According to the Korea Financial Investment Association on Tuesday, local management companies’ total target amount for funds designed to invest in debts reached 121.37 trillion won ($99.56 billion) in July, the highest since October 1999. The amount has grown every month since October last year when stock markets across the world tumbled sharply on a sudden escalation in U.S.-China trade dispute.
In contrast, target amounts for funds investing in stocks came down to 79.3 trillion won in July, the lowest since December 2017. The figure has stayed on a downward path after peaking at above 88 trillion won in January this year.
Investors have been flocking to safer fixed assets such as bonds with little sign of easing in the U.S.-China trade war. Market conditions worsened for export-reliant Korea entering July after Tokyo launched export control of three chemicals used in memory chip and display production bound for Korea in apparent complaint over Seoul’s hard-line policy on wartime issues.

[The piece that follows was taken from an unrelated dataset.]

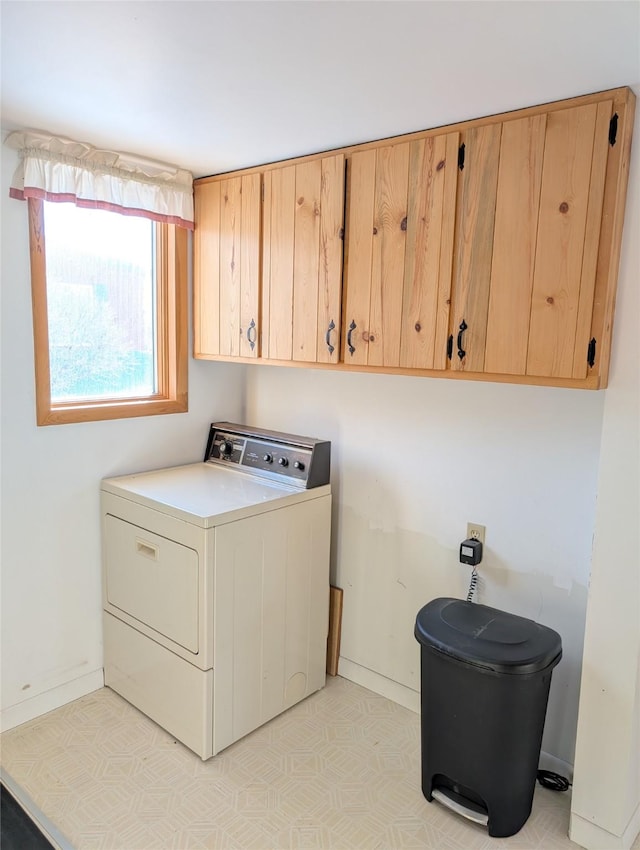 clothes washing area featuring washer / clothes dryer and cabinets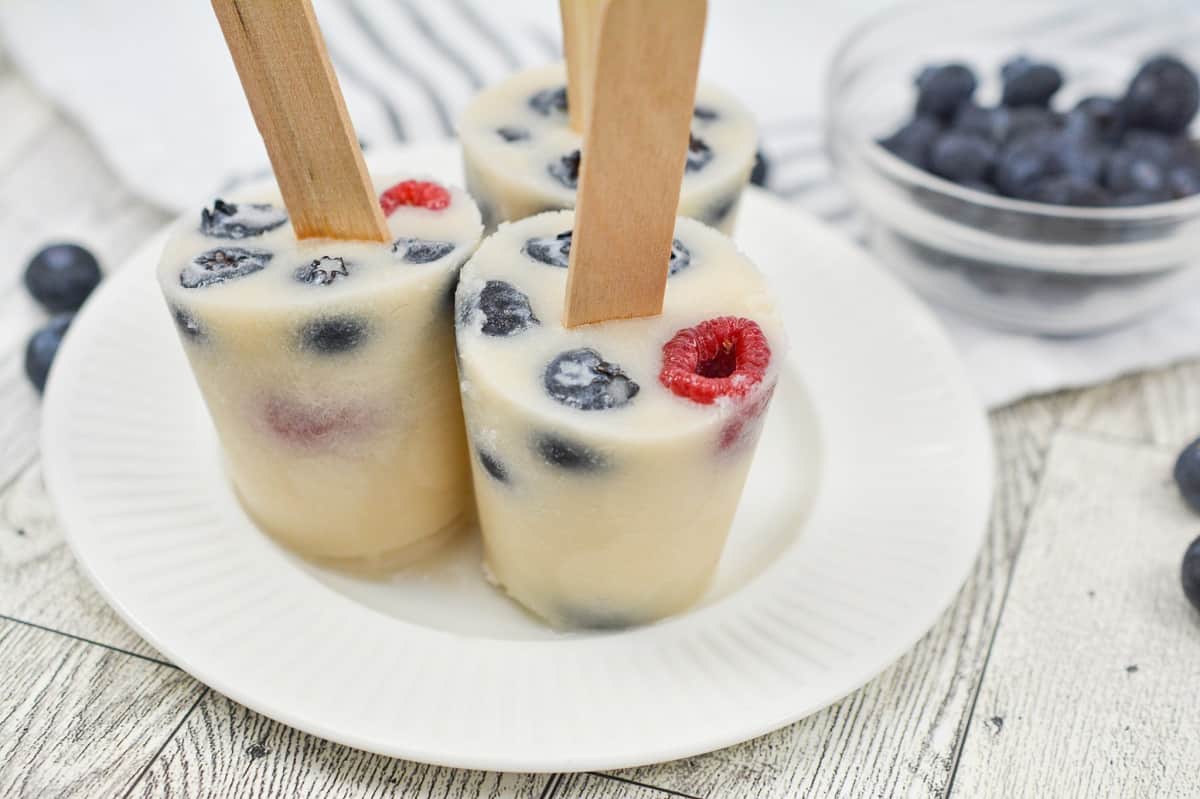 Three popsicles with blueberries and raspberries on a plate.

Amid multiple trade whammies, the main bourse Kospi retreated 5.0 percent and the junior Kosdaq 8.7 percent in July. Meanwhile, Korean government bonds have touching new lows. On July 31, the yield of the three-year government fell to 1.292 percent or below the psychologically important 1.3-percent mark as debt across the yield curve all headed to new lows.
Market experts anticipate investors’ demand for risk-free assets continue to stay robust amid escalating market uncertainties. The Kospi already has lost 3.8 percent and Kosdaq 9.6 percent until Monday or in the first five days of this month.